▶ _Data extract_:
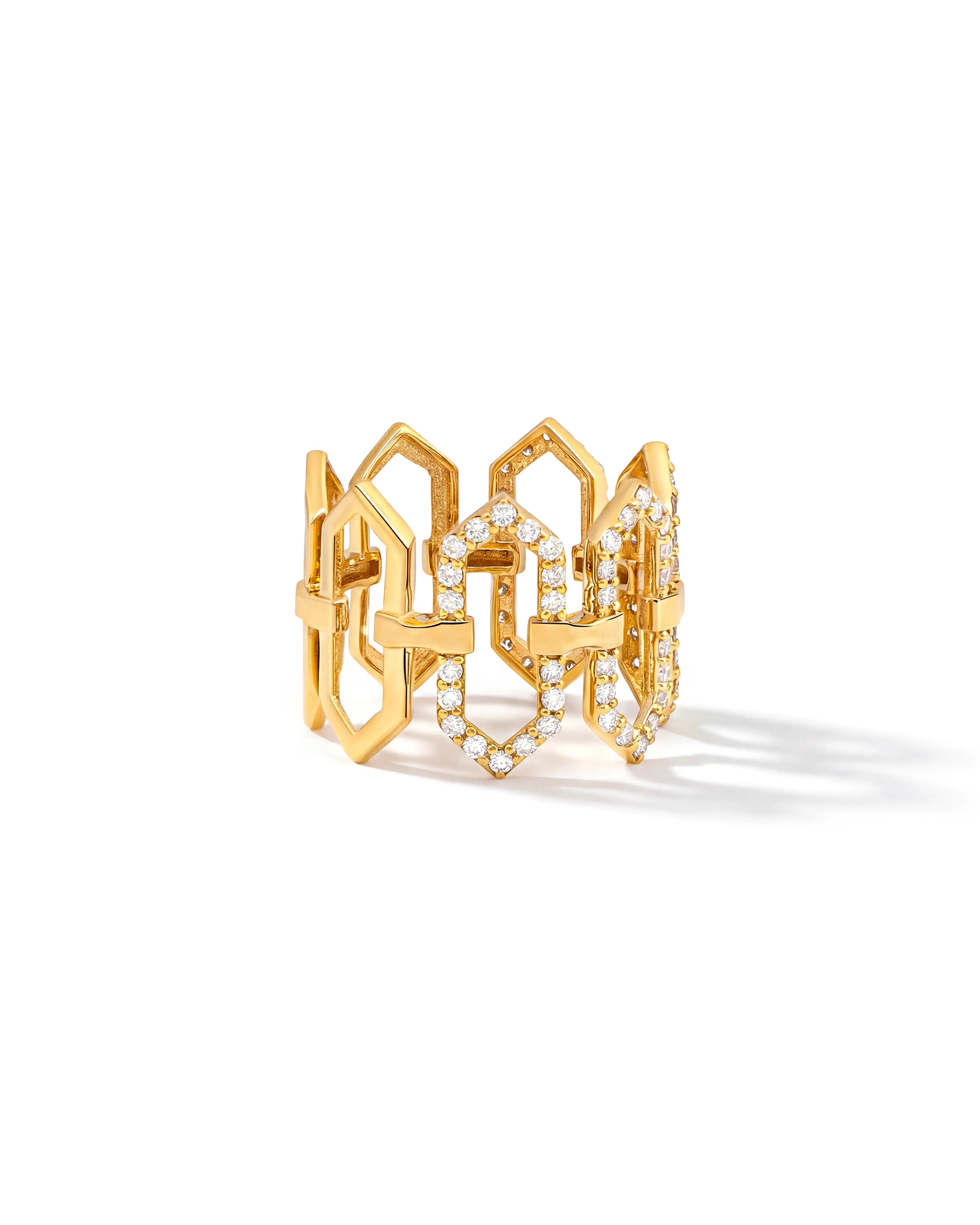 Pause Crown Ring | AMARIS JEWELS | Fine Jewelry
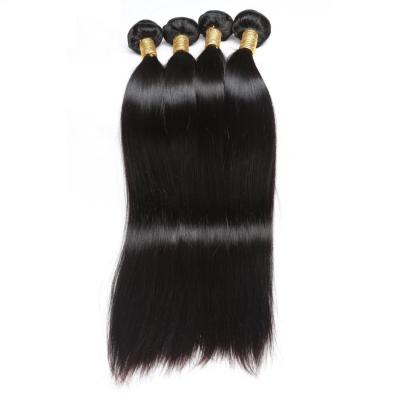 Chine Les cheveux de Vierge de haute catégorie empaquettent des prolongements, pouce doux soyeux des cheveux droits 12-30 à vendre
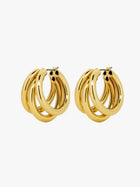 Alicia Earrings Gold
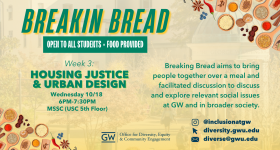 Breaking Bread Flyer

▶ _Problem_: Faithful copy, images left out: write out every line of data.

▶ _Response below_:
 Pause Crown Ring | AMARIS JEWELS | Fine Jewelry
 Chine Les cheveux de Vierge de haute catégorie empaquettent des prolongements, pouce doux soyeux des cheveux droits 12-30 à vendre
 Alicia Earrings Gold
 Breaking Bread Flyer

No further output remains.